И тогда он закатил глаза вверх и закричал.

— Отец всего сущего! Убей меня! Прямо сейчас!

В грозовом темно-синем небе заворчал гром.

— Что он говорит? — заволновался ватиканец.

Падре Диас сосредоточился.

— Он просит у Бога смерти, — как мог, перевел он.

Кортес побагровел и задвигался чаще, а Ортегилья, чутко отслеживая ситуацию, грамотно не позволял мятежному Тлатоани уклониться.

— Спаси меня от муки быть живым! — прорыдал Куа-Утемок.

— Что он говорит? — шмыгнул носом ватиканец.

Падре Диас взволнованно кашлянул.

— Он просит Бога спасти его.

С темно-синего неба начали падать крупные редкие капли, и Кортес коротко крякнул, расслабленно выдохнул и начал медленно вставать на ноги.

— Берналь! — неторопливо завязывая тесьму и поглядывая на догорающий посреди озера город-мечту, подозвал он.

— Да, генерал-капитан.

— Отдай эту шлюху солдатам. Пусть потешатся. Если выживет, клеймо — и в стадо.
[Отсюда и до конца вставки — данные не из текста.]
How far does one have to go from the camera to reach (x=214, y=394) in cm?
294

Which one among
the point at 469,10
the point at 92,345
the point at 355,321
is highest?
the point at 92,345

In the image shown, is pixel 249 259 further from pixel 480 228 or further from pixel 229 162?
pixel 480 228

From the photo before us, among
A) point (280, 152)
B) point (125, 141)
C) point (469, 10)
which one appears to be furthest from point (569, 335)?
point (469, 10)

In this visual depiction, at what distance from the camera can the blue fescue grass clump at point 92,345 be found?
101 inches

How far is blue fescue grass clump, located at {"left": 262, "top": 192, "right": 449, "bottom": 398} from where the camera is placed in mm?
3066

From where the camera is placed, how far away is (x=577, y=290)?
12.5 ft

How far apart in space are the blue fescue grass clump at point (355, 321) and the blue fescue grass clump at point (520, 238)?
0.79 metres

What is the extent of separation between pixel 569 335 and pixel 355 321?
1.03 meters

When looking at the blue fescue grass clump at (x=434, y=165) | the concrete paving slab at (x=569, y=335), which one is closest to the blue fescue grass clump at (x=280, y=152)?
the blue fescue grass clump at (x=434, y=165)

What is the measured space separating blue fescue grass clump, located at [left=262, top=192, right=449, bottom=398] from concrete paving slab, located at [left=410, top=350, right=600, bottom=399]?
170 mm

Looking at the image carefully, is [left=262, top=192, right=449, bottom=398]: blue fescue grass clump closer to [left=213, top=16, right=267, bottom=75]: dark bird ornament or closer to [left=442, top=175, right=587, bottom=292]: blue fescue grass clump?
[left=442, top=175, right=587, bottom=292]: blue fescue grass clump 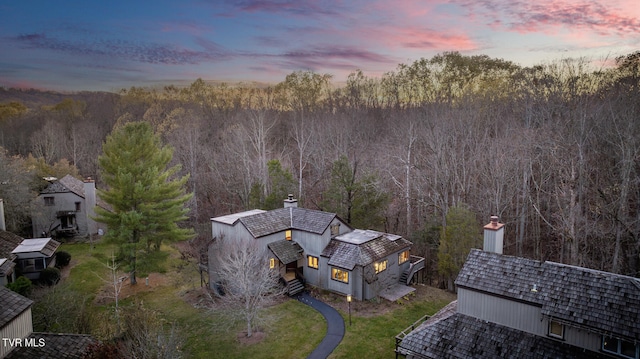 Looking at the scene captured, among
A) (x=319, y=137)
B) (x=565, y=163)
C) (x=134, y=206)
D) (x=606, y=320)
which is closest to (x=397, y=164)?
(x=319, y=137)

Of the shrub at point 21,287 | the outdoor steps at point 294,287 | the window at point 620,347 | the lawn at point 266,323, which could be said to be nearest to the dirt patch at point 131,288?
the lawn at point 266,323

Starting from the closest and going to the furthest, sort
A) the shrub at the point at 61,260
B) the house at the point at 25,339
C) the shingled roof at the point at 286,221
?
the house at the point at 25,339, the shingled roof at the point at 286,221, the shrub at the point at 61,260

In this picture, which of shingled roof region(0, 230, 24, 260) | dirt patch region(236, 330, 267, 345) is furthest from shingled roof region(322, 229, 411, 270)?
shingled roof region(0, 230, 24, 260)

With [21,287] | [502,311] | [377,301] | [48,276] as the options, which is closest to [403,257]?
[377,301]

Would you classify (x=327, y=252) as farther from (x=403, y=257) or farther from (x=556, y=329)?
(x=556, y=329)

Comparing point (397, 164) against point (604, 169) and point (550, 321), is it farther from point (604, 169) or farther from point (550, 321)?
point (550, 321)

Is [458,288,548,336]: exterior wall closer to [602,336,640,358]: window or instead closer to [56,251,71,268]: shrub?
[602,336,640,358]: window

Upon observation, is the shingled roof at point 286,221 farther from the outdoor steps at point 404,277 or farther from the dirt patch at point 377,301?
the outdoor steps at point 404,277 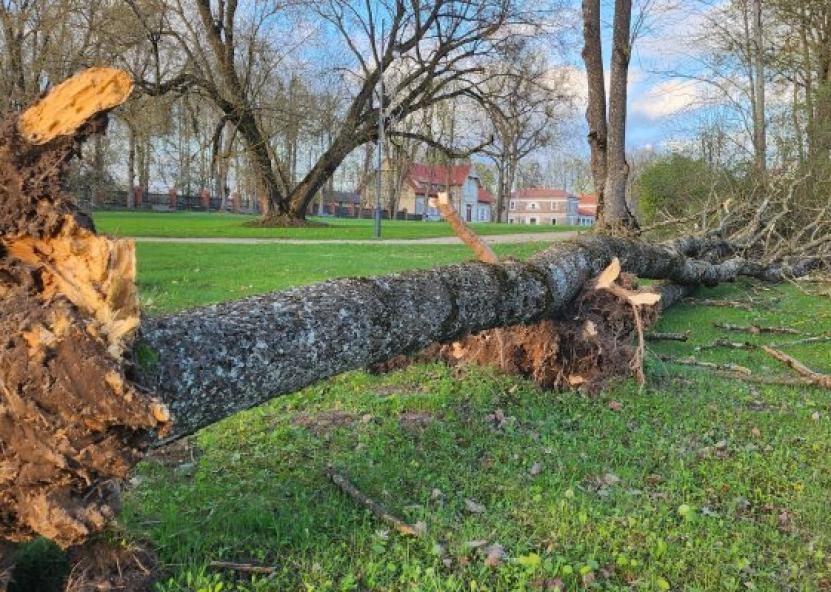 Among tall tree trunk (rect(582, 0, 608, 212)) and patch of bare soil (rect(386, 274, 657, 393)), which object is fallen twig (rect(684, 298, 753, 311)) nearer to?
tall tree trunk (rect(582, 0, 608, 212))

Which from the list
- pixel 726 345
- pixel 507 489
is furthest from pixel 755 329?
pixel 507 489

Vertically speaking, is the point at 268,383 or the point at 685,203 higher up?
the point at 685,203

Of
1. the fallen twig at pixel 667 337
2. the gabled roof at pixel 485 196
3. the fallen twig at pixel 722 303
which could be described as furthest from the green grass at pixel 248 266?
the gabled roof at pixel 485 196

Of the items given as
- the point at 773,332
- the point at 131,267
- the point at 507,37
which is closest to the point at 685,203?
the point at 507,37

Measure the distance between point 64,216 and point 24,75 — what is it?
59.5 ft

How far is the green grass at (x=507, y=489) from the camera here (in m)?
2.72

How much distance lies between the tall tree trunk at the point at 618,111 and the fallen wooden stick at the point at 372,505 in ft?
35.4

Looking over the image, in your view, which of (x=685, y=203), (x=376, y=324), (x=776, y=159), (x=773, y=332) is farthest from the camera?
(x=685, y=203)

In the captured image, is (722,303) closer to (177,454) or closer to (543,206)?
(177,454)

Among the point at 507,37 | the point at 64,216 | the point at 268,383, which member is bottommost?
the point at 268,383

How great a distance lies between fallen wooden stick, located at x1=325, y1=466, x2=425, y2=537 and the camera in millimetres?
2979

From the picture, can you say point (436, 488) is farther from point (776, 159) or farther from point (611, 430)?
point (776, 159)

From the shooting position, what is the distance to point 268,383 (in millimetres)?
3031

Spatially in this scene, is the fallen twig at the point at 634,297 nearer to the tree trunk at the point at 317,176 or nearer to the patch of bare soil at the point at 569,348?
the patch of bare soil at the point at 569,348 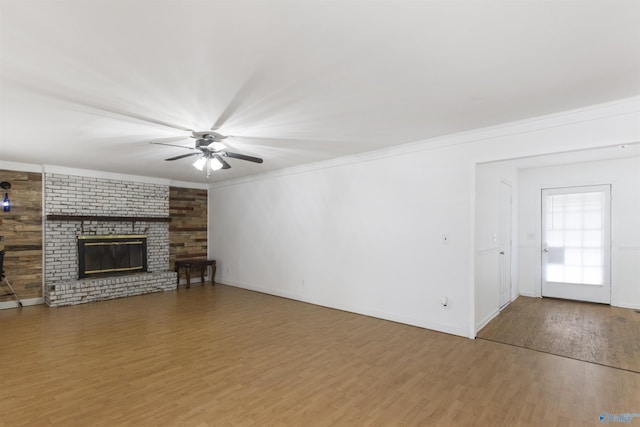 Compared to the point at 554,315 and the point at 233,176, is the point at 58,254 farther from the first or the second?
the point at 554,315

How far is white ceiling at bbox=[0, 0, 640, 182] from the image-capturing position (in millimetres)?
1701

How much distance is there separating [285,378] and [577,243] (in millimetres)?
5737

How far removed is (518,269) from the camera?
629 cm

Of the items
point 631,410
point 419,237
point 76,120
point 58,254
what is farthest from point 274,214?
point 631,410

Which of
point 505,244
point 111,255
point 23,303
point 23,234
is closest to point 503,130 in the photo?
point 505,244

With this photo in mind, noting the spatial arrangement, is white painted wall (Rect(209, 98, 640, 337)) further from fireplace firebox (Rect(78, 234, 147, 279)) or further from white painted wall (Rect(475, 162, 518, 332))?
fireplace firebox (Rect(78, 234, 147, 279))

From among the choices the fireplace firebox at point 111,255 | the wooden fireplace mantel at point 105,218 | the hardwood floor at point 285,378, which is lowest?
the hardwood floor at point 285,378

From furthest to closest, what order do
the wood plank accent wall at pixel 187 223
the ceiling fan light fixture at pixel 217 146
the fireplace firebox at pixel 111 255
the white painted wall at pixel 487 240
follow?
the wood plank accent wall at pixel 187 223 < the fireplace firebox at pixel 111 255 < the white painted wall at pixel 487 240 < the ceiling fan light fixture at pixel 217 146

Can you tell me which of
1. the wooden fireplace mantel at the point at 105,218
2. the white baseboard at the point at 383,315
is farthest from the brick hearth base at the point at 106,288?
the white baseboard at the point at 383,315

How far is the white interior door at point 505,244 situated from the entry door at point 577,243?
0.93 meters

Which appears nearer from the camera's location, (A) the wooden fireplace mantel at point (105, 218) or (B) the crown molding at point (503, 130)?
(B) the crown molding at point (503, 130)

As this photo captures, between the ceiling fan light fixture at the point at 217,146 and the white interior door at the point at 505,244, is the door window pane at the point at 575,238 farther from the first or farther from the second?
the ceiling fan light fixture at the point at 217,146

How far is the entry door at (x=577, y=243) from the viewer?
5.46m

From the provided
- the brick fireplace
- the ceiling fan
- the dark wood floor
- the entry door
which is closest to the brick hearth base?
the brick fireplace
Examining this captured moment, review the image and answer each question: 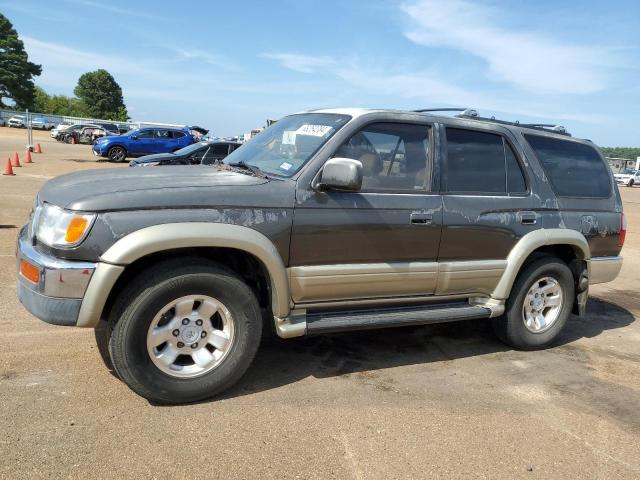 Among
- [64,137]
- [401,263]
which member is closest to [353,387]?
[401,263]

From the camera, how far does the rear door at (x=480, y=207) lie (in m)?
4.09

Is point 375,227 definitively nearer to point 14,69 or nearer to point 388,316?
point 388,316

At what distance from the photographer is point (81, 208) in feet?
9.77

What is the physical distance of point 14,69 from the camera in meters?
73.4

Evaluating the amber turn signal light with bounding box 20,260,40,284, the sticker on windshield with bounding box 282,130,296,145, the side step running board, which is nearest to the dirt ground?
the side step running board

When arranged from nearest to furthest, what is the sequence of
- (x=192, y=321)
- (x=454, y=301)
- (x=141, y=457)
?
(x=141, y=457), (x=192, y=321), (x=454, y=301)

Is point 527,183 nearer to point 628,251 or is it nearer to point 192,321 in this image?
point 192,321

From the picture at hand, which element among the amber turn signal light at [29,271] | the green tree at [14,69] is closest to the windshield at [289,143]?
the amber turn signal light at [29,271]

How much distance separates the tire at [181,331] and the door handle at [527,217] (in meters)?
2.37

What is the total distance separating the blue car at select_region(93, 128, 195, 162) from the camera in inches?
923

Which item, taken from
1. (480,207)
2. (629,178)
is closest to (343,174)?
(480,207)

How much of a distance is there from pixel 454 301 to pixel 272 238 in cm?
179

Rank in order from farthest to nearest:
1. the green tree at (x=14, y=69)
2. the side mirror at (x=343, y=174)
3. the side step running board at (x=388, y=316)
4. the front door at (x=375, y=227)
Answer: the green tree at (x=14, y=69) < the side step running board at (x=388, y=316) < the front door at (x=375, y=227) < the side mirror at (x=343, y=174)

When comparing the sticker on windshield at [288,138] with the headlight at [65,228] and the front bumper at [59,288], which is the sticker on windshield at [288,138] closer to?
the headlight at [65,228]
И тогда Куа-Утемок выдохнул последнее:

— Или отними у меня душу. Сделай меня таким же «теулес»[29], таким же мертвым, как они.

Падре Диас вздрогнул.

— Что он говорит? — забеспокоился ватиканец. — Ну, же! Что он сказал?!

Падре Диас судорожно дернул кадыком.

— Он просит сделать его таким же теотлем[30], таким же божественным, как мы.

вернуться

29

Теулес (науа teules) — мертвец.

вернуться

30

Теотль (науа teutl) — бог.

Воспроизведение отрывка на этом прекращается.